> **GOAL OF THE EXERCISE**
Repeat every record below exactly, leaving out the pictures.

(Image-text web data)
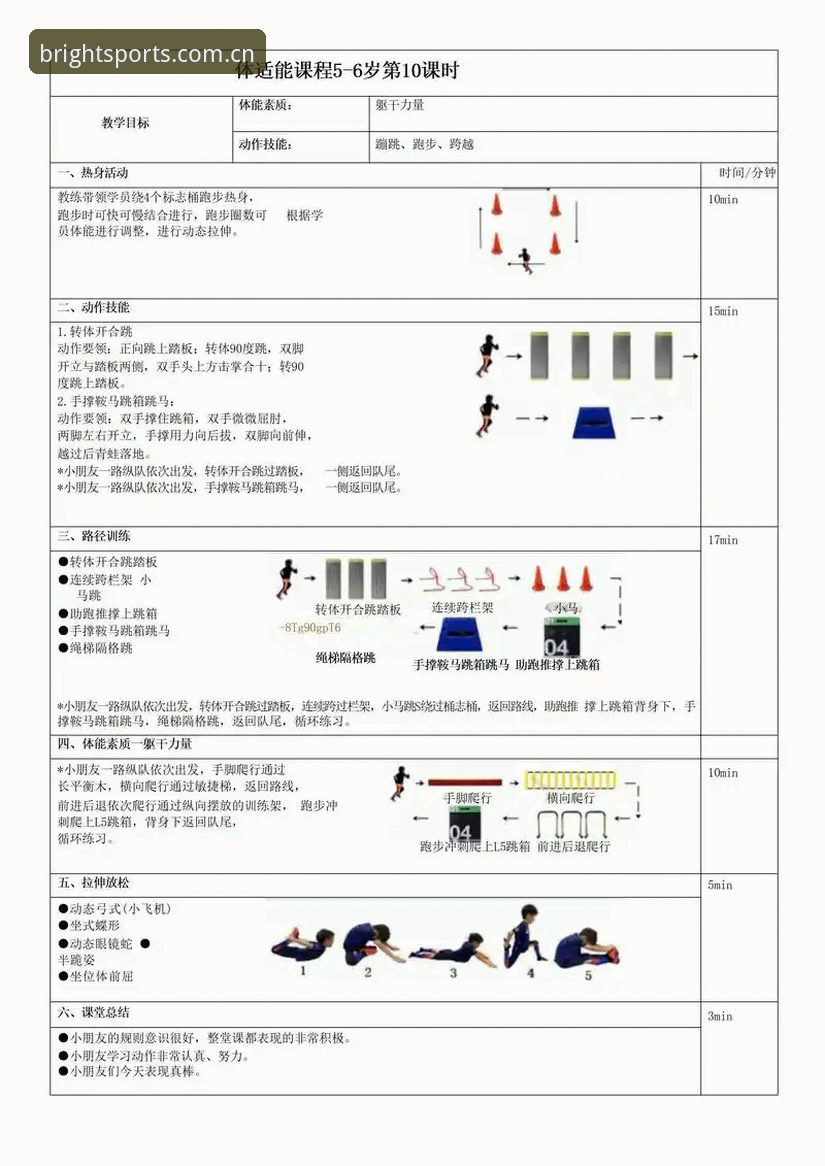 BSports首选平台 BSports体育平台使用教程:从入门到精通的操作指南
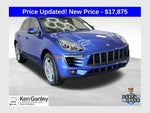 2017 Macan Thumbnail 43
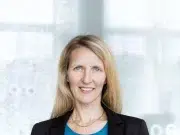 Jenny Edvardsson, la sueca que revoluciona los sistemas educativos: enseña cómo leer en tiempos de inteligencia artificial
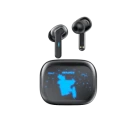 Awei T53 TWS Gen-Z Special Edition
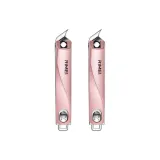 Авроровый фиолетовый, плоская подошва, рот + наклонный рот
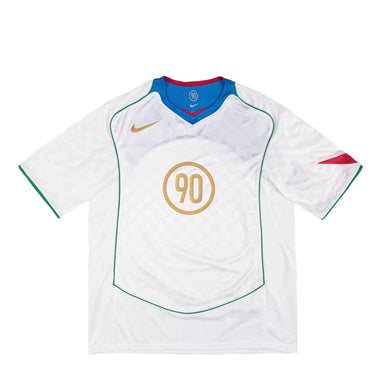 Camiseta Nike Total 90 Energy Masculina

> **EXERCISE SOLUTION**
 BSports首选平台 BSports体育平台使用教程:从入门到精通的操作指南
 2017 Macan Thumbnail 43
 Jenny Edvardsson, la sueca que revoluciona los sistemas educativos: enseña cómo leer en tiempos de inteligencia artificial
 Awei T53 TWS Gen-Z Special Edition
 Авроровый фиолетовый, плоская подошва, рот + наклонный рот
 Camiseta Nike Total 90 Energy Masculina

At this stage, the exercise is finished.